Gelman and Rubin proposed Rhat in 1992. The first time I read this paper, I found they defined Rhat as a practical measure “for researchers primarily intereseted in the science underlying the data and models they are analyzing, rather than for researchers interested in the probability theory underlying the iterative simualtions themselves.” Also the commonly-used cutoff 1.1 is from nowhere, which is worse than 0.05 for p-value. Well, the common form of Rhat is actually from the paper by Brooks and Gelman (1998). After reading this paper, I felt that the definition of Rhat is too fuzzy, which may be modified and improved again and again. And this new Rhat paper just turned up. Though I know that Rhat is the ratio between two vairances, I still don’t know if $\hat{R}$ less than a cutoff can be concluded as convergence. Ultimately, the convergence itself might be a tricky thing to define.

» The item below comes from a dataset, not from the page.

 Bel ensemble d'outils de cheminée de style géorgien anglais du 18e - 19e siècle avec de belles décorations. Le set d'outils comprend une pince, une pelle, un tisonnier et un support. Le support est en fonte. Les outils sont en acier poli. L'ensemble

I have talked to Martin about this paper and Gelman. He has the same opinion that Rhat has some disadvantages and he has no idea where the cutoff comes from. But we both agree that Gelman is a genius and creative-thinker. From his comments, I realize that maybe Monte Carlo SE and effective sample size (ESS) will be talked more about in the future, and this is actually an interesting area for me to think about. I’m glad to see that ESS is also mentioned in that new paper, though ESS has its flaws too. Well, it could be a direction to explore.